Sam’s voice had always been in her head. There was only one voice that swept through her heart.

The wailing ceased, but the tears were relentless. She looked up into the moonlit sky as if she were going to peer into heaven itself. But she didn’t have to. Heaven was whispering in her heart. Tugging her. Wooing her. She had found Jesus on a wooden bench at vacation Bible school when she was six years old. Anytime He talked to her, it was always in her heart. But she had stopped listening after Sam’s death. Now she knew why. She was mad at Him.

“It’s not fair, you know.”

Yes, I do know.

“I miss him.”

And I miss you.

She shifted on the concrete, the solidness of it doing nothing for her old bones. “He’s all I’ve been thinking about.”

The whisper in her heart came again.
For a long time.

She sniffled again and wiped her runny nose with her sleeve. No one ever had to know. “You’ve missed me?”

Like crazy.

“I haven’t known what to do without him. I’ve been so mad at You.”

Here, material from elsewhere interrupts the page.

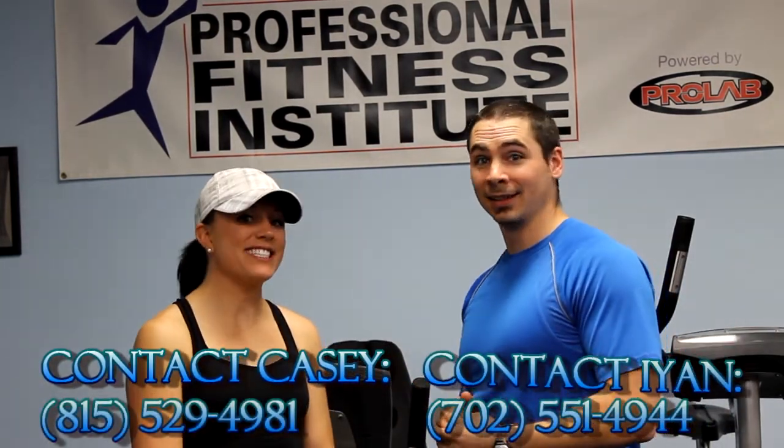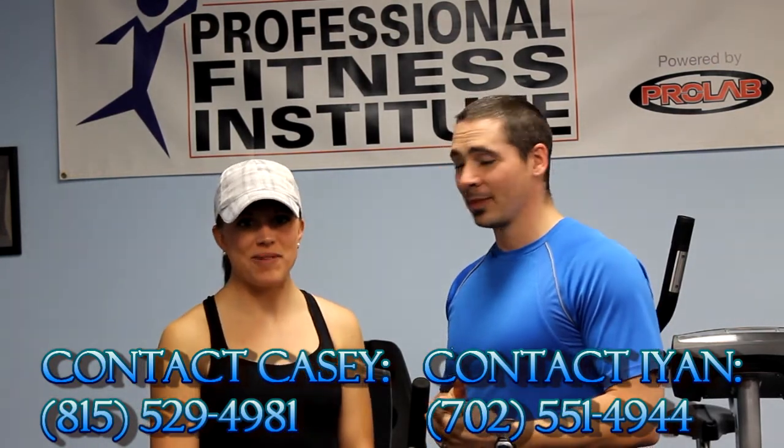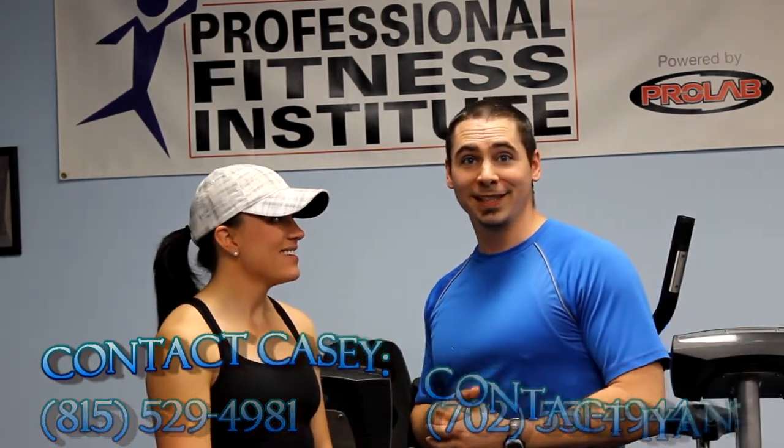So, 2013, be on the lookout for the new trend — high-intensity interval training, known as HIIT. I'm Ian Brice with IB Training, and I'm Casey Arnold with Unparalleled Performance. We're signing off from Professional Fitness Institute. Have a great day.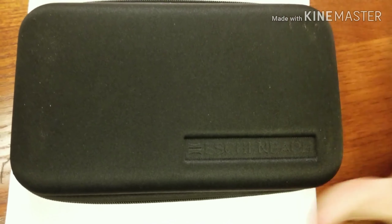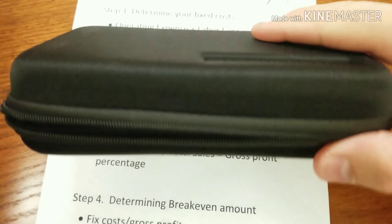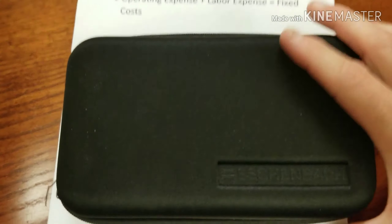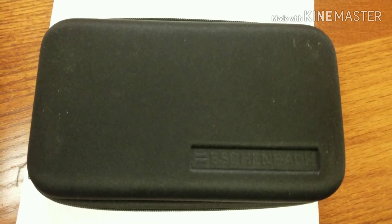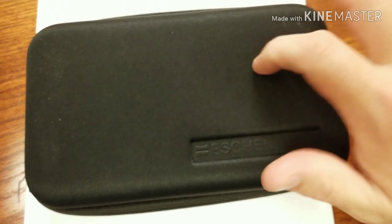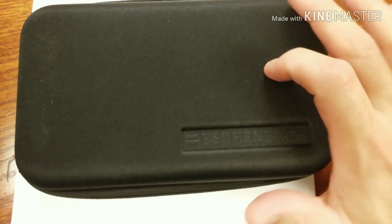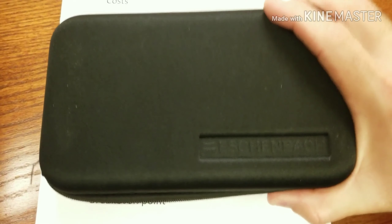First thing you notice is that it's got a really nice hard case. This is awesome because it really gives you that extra insurance if you're ever taking it on a trip — on a plane, in your backpack — you don't have to worry about it breaking. It's zipped up and just gives you that extra security, so first pro right there.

I know. And I’ve tried to get your attention. I’ve wanted to hold you, comfort you, show you some new things.

She blinked hard; tears gathered on her eyelids in bulging droplets. The moon swelled in her sight, its beauty almost new. As if she hadn’t seen it in a while, either.

“But I’ve been too angry, huh? Caught up in all these old things, the past.”

Buried.

“A part of me died with Sam.”

I know it did. That is what happens when you’ve become one. Your pain shows the depth at which you’ve loved. But you didn’t die, Winnie. You’re here. And I want you to live.

The ache started again in her chest. “I’ve lived with the kids at school.”